The economists say the most important cause of the increasing number of recipients is the loosening of eligibility criteria. In 1984, Congress “shifted the criteria for DI eligibility from a list of specific impairments to a more general consideration of a person’s medical condition and ability to work.” As a result, the typical disability recipient today is far less likely to have an easily verifiable ailment.

Seventy percent of workers receiving disability assistance fall into three large diagnostic groups: mental disorders (about 32 percent), musculoskeletal system and connective tissue (29 percent), and nervous system and sense organs (about 9 percent). The growth in these conditions explains more than 80 percent of the rise in disability payments since 1996. These medical gray areas can involve a judgment call.

Work Option

I believe that recipients of the aid are typically in pain, but many have a choice between suffering at work and going on disability. In boom times, the work option may seem more attractive, but as labor options contract, a steady check from the federal government can seem the better choice. The recession surely explains much of the 24 percent increase in the number of people receiving Social Security disability insurance since 2007.
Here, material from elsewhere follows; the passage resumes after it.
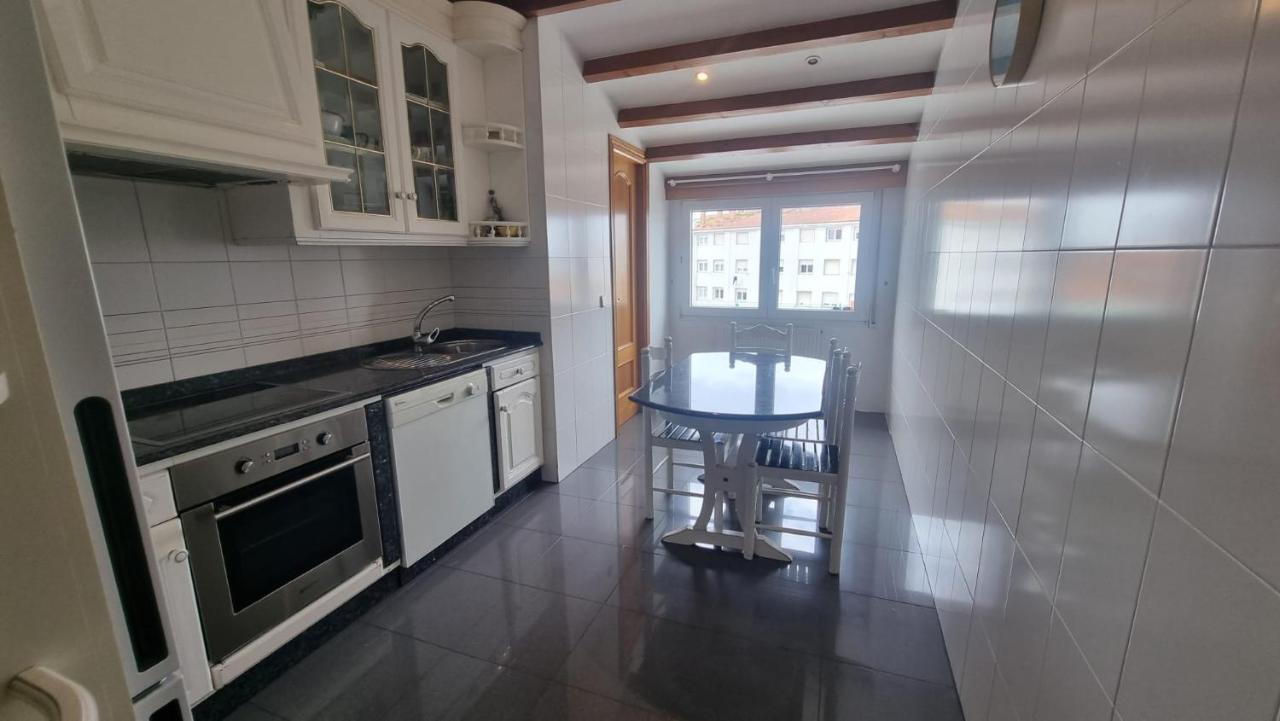Apartamento Os Pineiros Cambados Exterior photo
The big fear is that those who went on disability during a downturn stay out of work forever, even as the economy recovers. The combination of a generous welfare system and a sharp recession is what led to long-term unemployment in Western Europe starting in the early 1970s.

Ten years ago, Alberto Alesina, Bruce Sacerdote and I wrote a paper trying to understand why Americans worked so much harder than Europeans. Those differences are starting to look less stark.

The political response to the low labor-force participation is to offer policies aimed at job creation. The right favors tax cuts. The left favors subsidized help through building roads and other infrastructure, and favoring particular sectors, such as “clean energy.”

I’m skeptical that either approach can succeed, especially in helping the lower-skilled. Most sensible government investments require well-trained employees, such as engineers, not high school dropouts. Even if tax cuts help private-sector activity, there is little guarantee that businesses will start hiring from the bottom of the labor market.

We can do better by replacing the archaic system we have now with ones that offer better incentives to work. We have too many distinct programs (unemployment insurance, food stamps, housing vouchers) that penalize earnings, collectively creating a huge implicit tax that discourages work among the poor.

Duggan and David Autor, a Massachusetts Institute of Technology economist, have proposed reforming disability insurance in ways that encourage companies to keep employing disabled workers and impose higher costs on those that produce more disabled workers.